▶ _Provided information_:

____

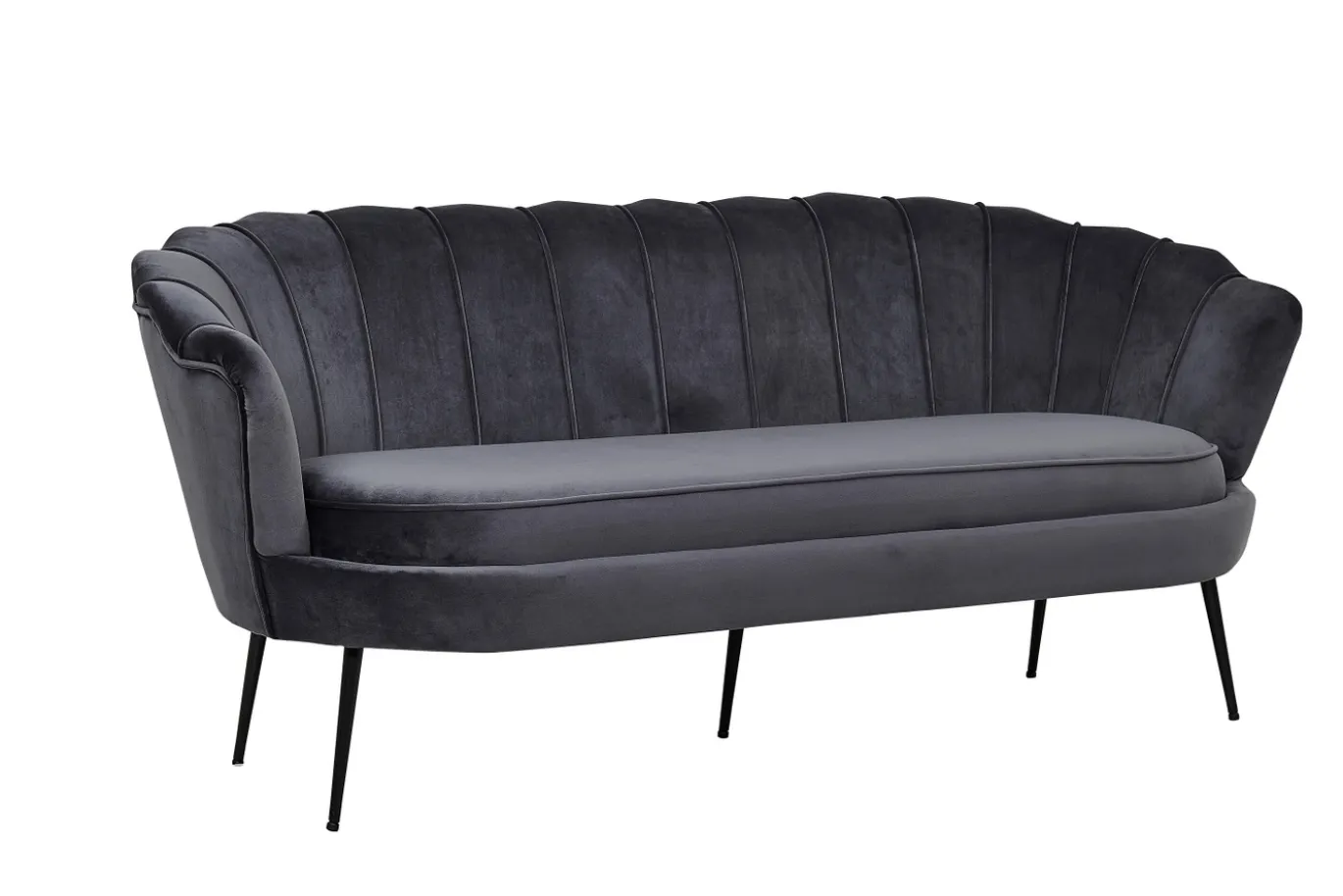Fjôrd 3-zitsbank Calais Donkergrijs Velvet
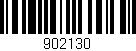 Código de barras (EAN, GTIN, SKU, ISBN): '902130'
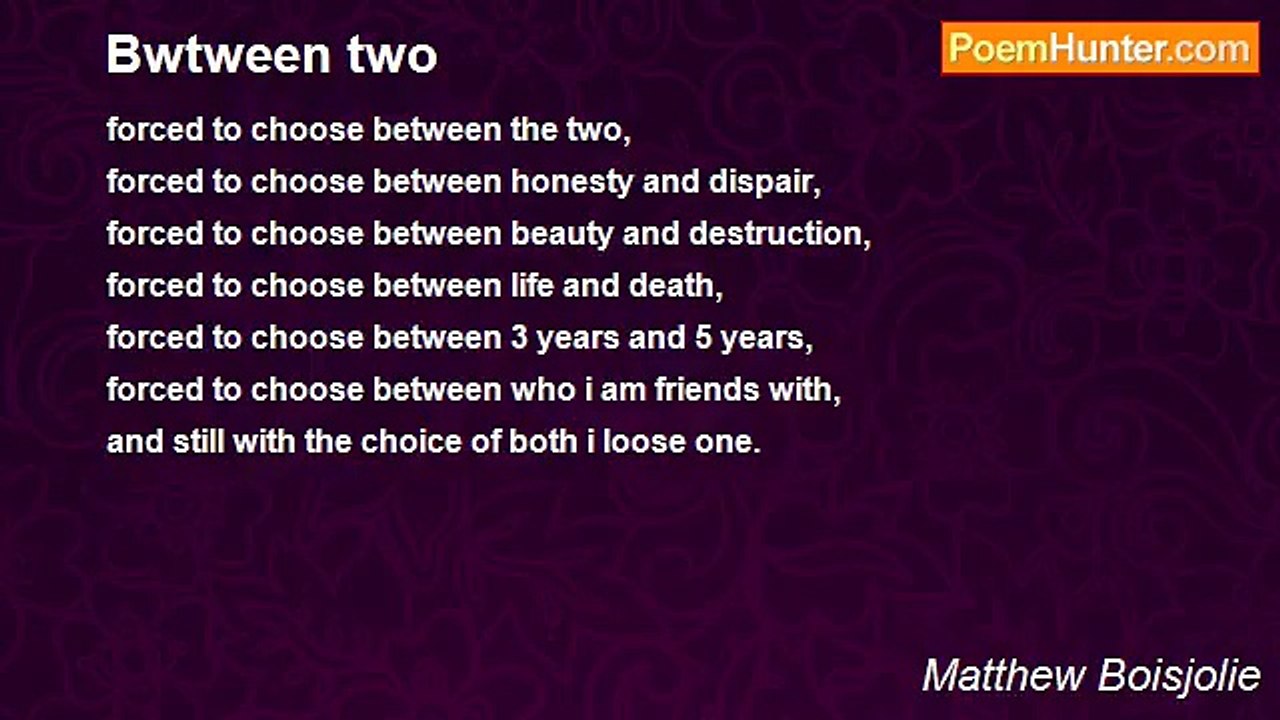 Matthew Boisjolie - Bwtween two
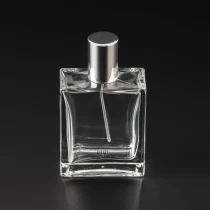 China Home Decor Clear 50 ml quadratische Glassprühflasche Hersteller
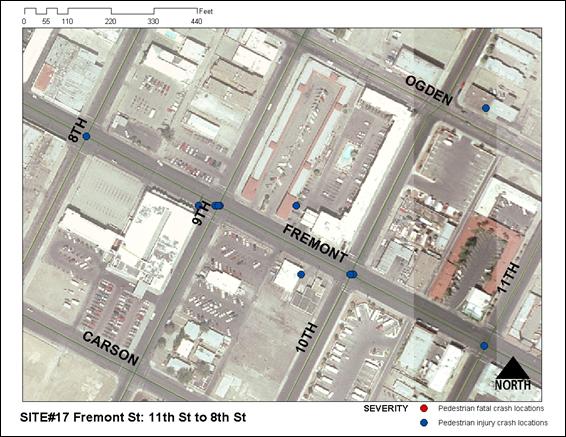 Figure 41: Aerial Photograph of Fremont Street: 11th Street to 8th Street (Control Site)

____

▶ _Your objective_: Restate word for word the lines from the one holding "Código de barras" down through the last line of the records above, and do not include the pictures.

▶ _Output_:
 Código de barras (EAN, GTIN, SKU, ISBN): '902130'
 Matthew Boisjolie - Bwtween two
 China Home Decor Clear 50 ml quadratische Glassprühflasche Hersteller
 Figure 41: Aerial Photograph of Fremont Street: 11th Street to 8th Street (Control Site)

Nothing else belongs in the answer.